▶ **Provided entries**
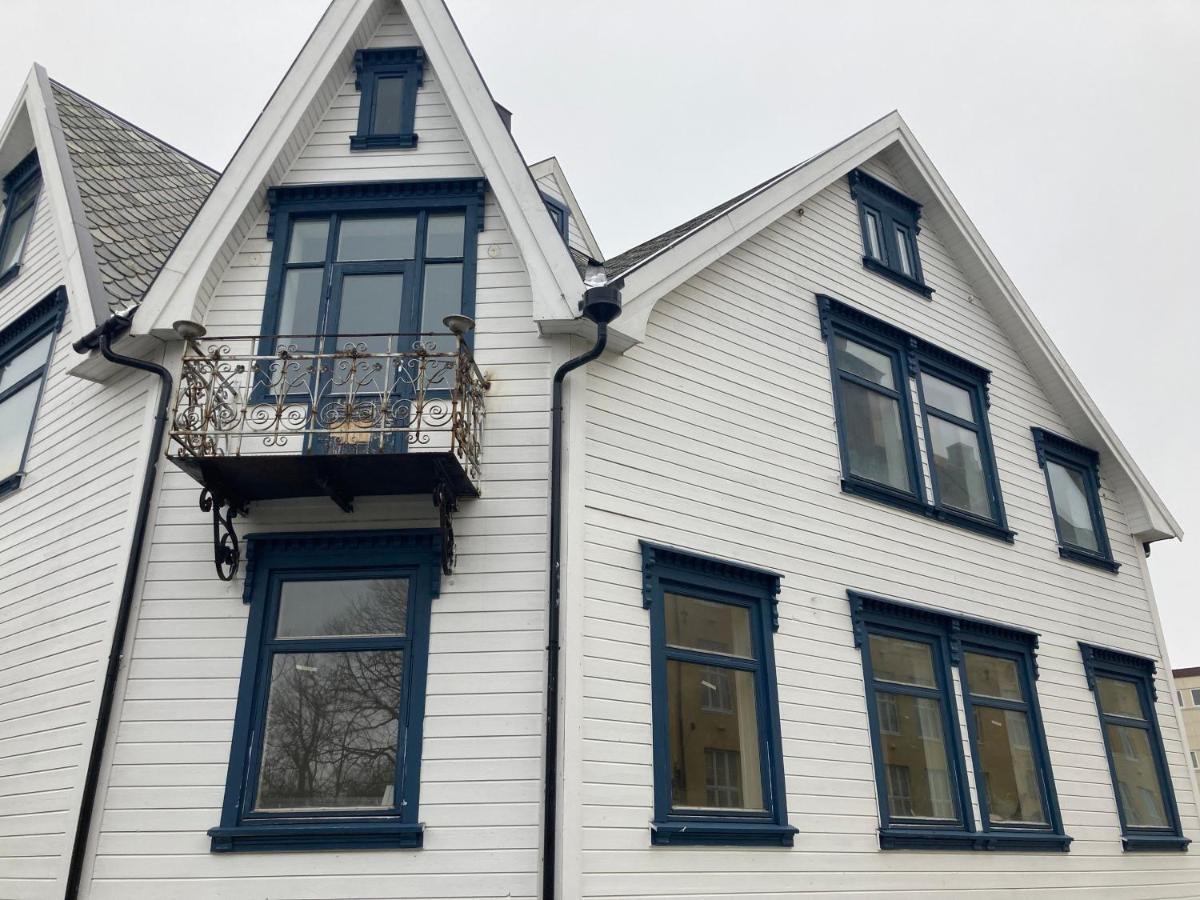 Downtown Historical House With Renovated Apartments Ålesund Kültér fotó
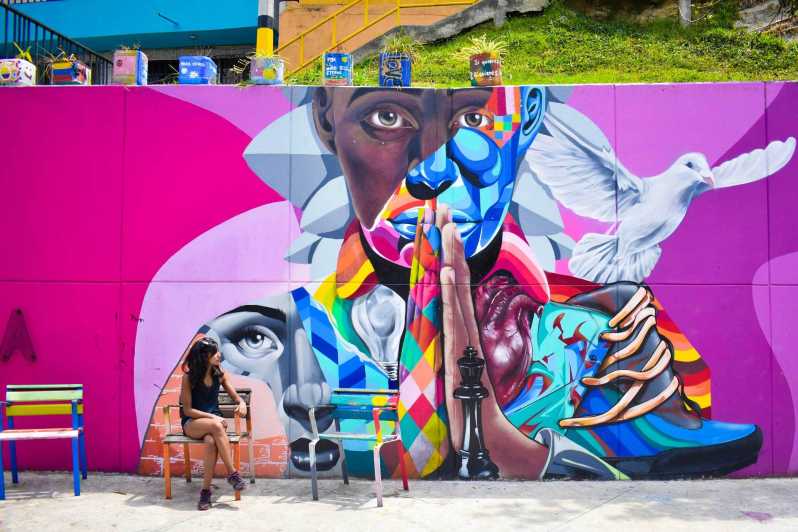 Medellín Visite Privée De La Comuna 13 Street Art Getyourguide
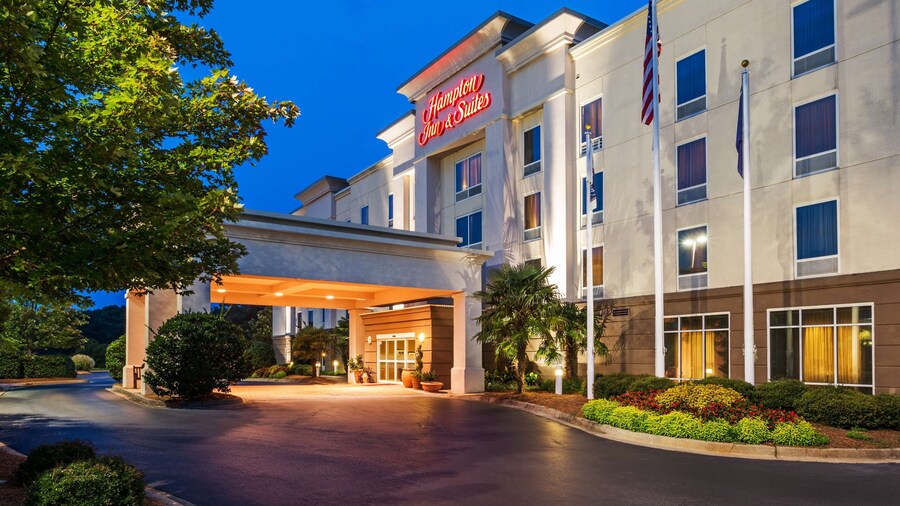 Hampton Inn & Suites Clinton - I-26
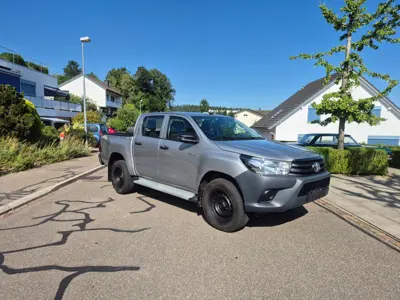 TOYOTA Hilux 2.4D Double Cab 4x4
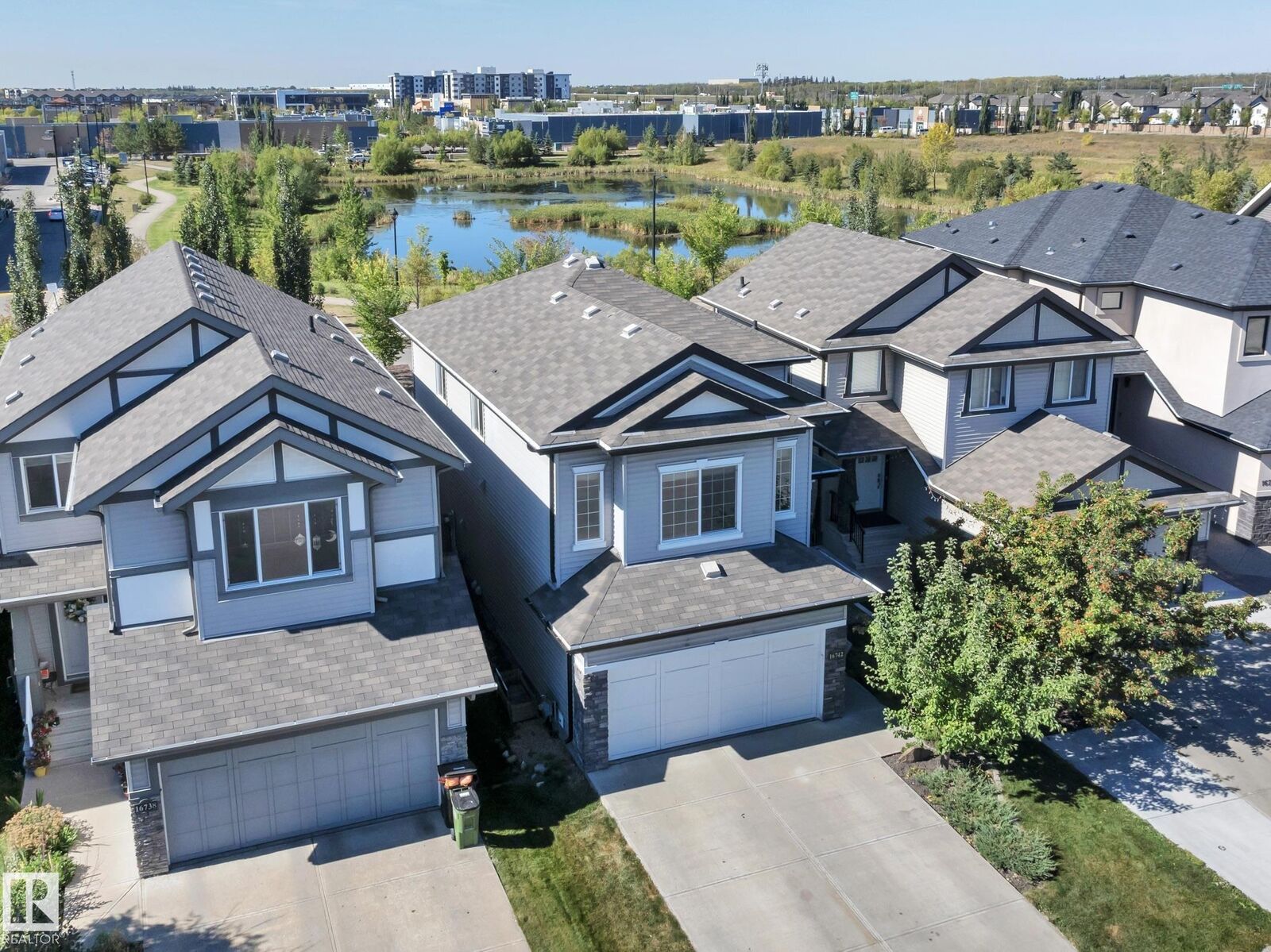 Photo de la propriété:  16742 122A Street NW  AB T5X 0G3 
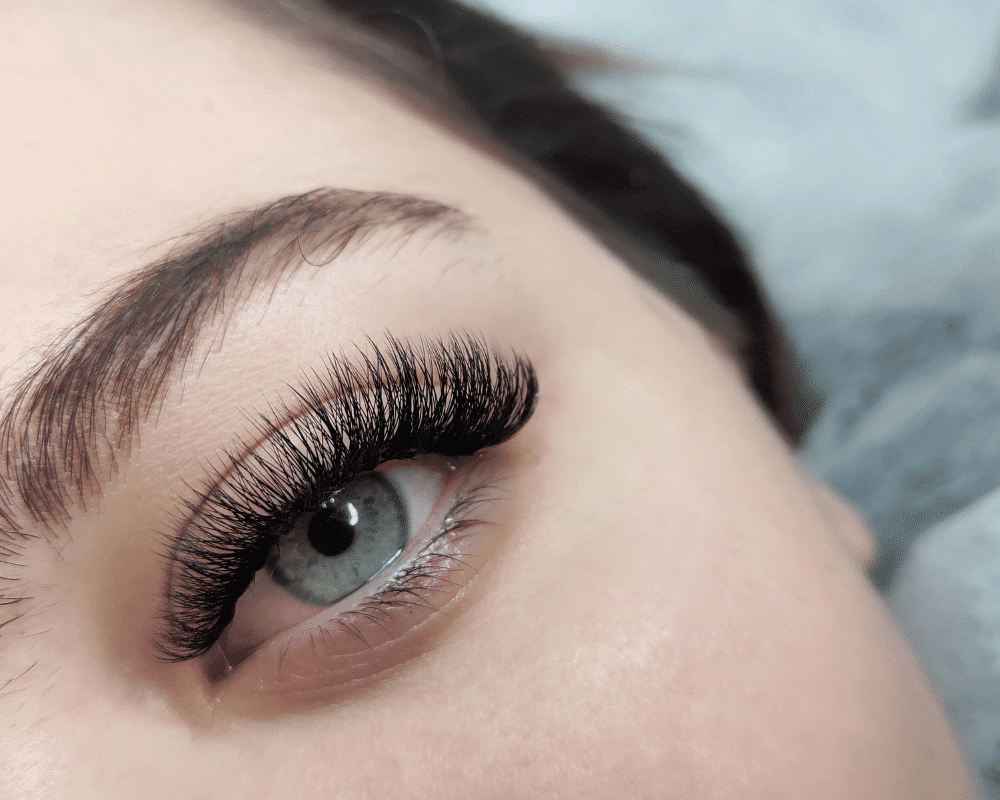 Guide-on-choosing-top-lash-extension-vendors-for-your-salon-or-spa-6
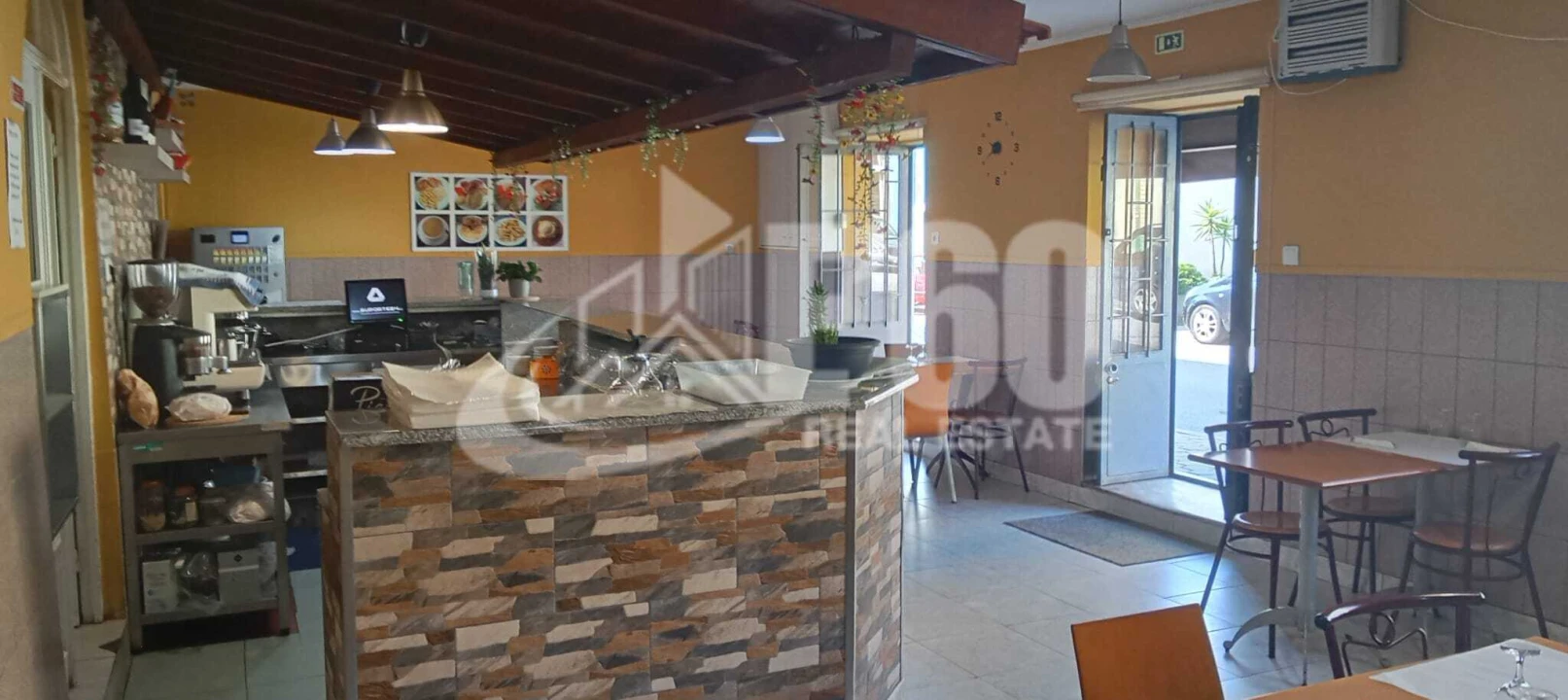 Negócio para Venda em Arcozelo Foto 8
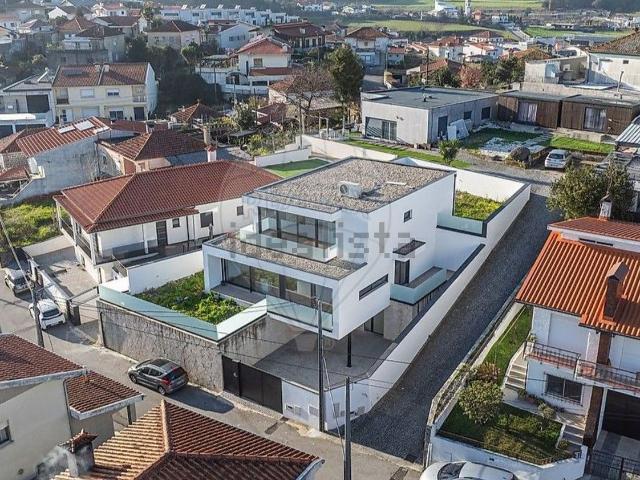 Moradia, Brufe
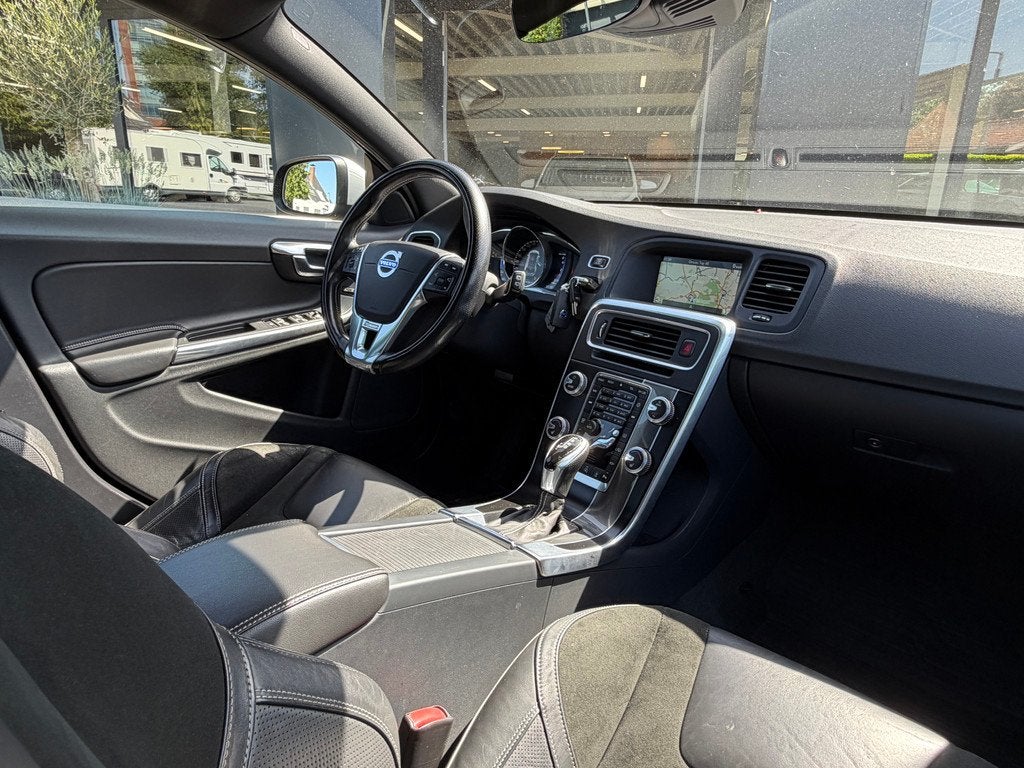 Volvo V60 T5 Ocean Race R-Design Nieuw Staat (bj 2014), Auto's, Euro 6, 4 cilinders, 1969 cc, Automatische klimaatregeling
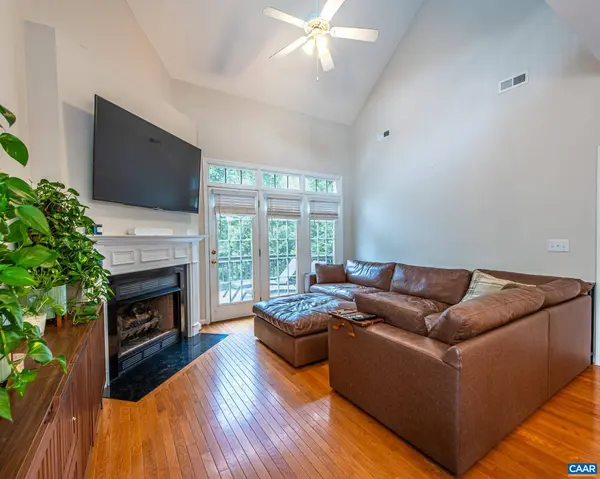 1321 STONEY RIDGE RD, Charlottesville, VA 22902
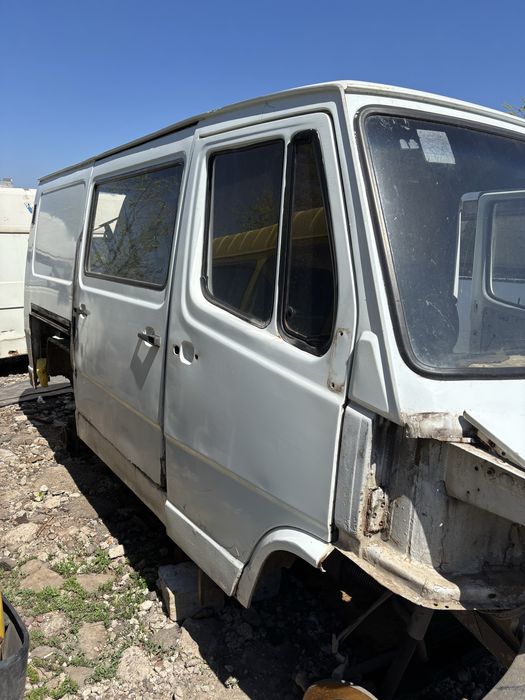 Мерседес Т1 малюк розібраний кому що треба є все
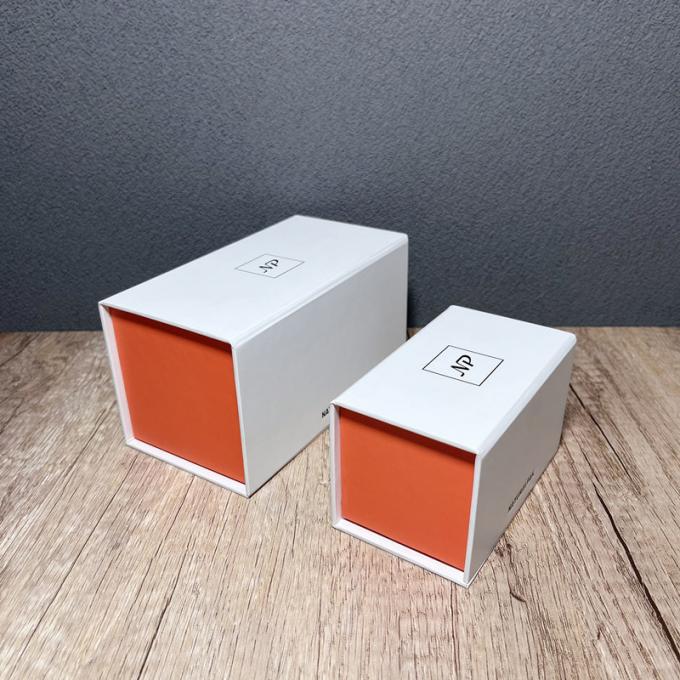 Logo su ordinazione d'imballaggio su misura di lusso dei contenitori di regalo del contenitore di carta del cartone di Matte White Magnetic Collapsible Rigid grande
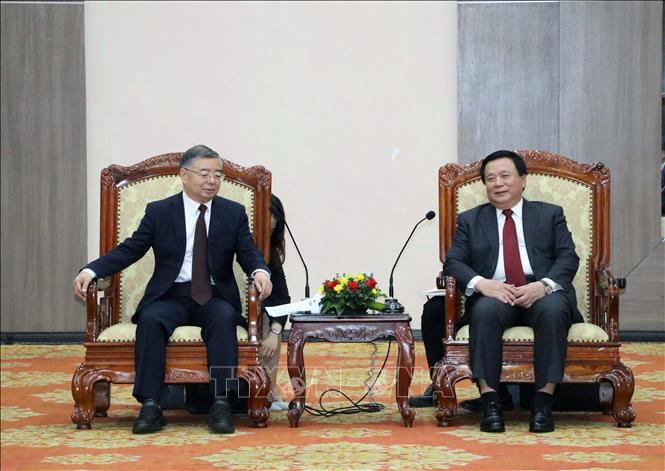 Đồng chí Nguyễn Xuân Thắng và đồng chí Lý Thư Lỗi hội kiến. Ảnh: Đại Nghĩa – TTXVN 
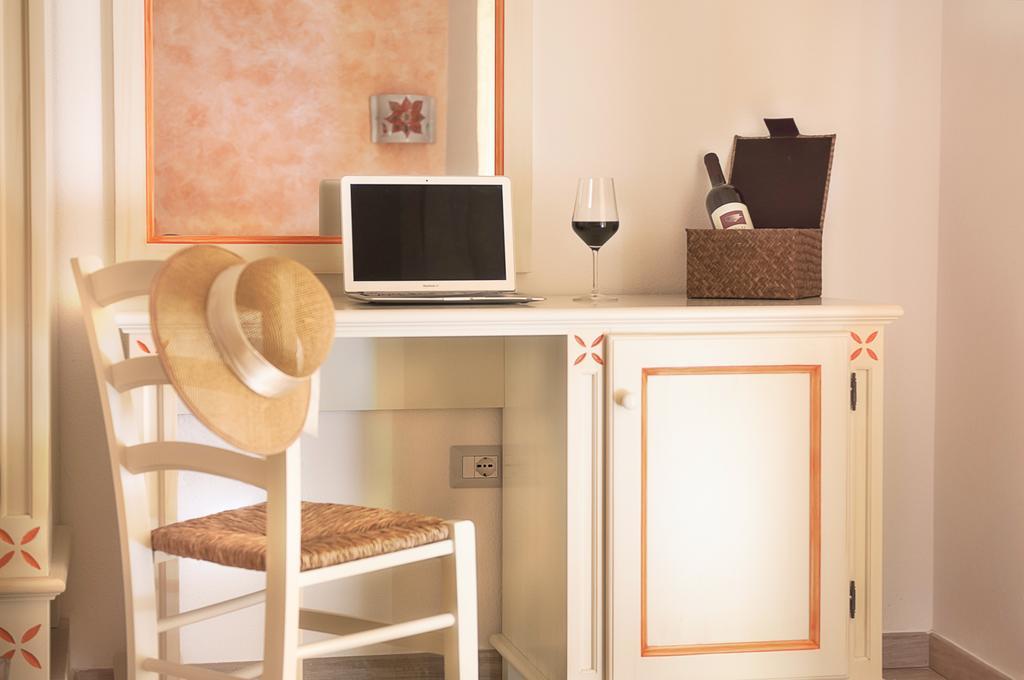 Domo La Vela - Affittacamere - Living SantʼAntìoco חדר תמונה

▶ **Exercise directions**
Every entry must be transcribed exactly. Pictures do not belong in the copy.

▶ **Task answer**
 Downtown Historical House With Renovated Apartments Ålesund Kültér fotó
 Medellín Visite Privée De La Comuna 13 Street Art Getyourguide
 Hampton Inn & Suites Clinton - I-26
 TOYOTA Hilux 2.4D Double Cab 4x4
 Photo de la propriété:  16742 122A Street NW  AB T5X 0G3 
 Guide-on-choosing-top-lash-extension-vendors-for-your-salon-or-spa-6
 Negócio para Venda em Arcozelo Foto 8
 Moradia, Brufe
 Volvo V60 T5 Ocean Race R-Design Nieuw Staat (bj 2014), Auto's, Euro 6, 4 cilinders, 1969 cc, Automatische klimaatregeling
 1321 STONEY RIDGE RD, Charlottesville, VA 22902
 Мерседес Т1 малюк розібраний кому що треба є все
 Logo su ordinazione d'imballaggio su misura di lusso dei contenitori di regalo del contenitore di carta del cartone di Matte White Magnetic Collapsible Rigid grande
 Đồng chí Nguyễn Xuân Thắng và đồng chí Lý Thư Lỗi hội kiến. Ảnh: Đại Nghĩa – TTXVN 
 Domo La Vela - Affittacamere - Living SantʼAntìoco חדר תמונה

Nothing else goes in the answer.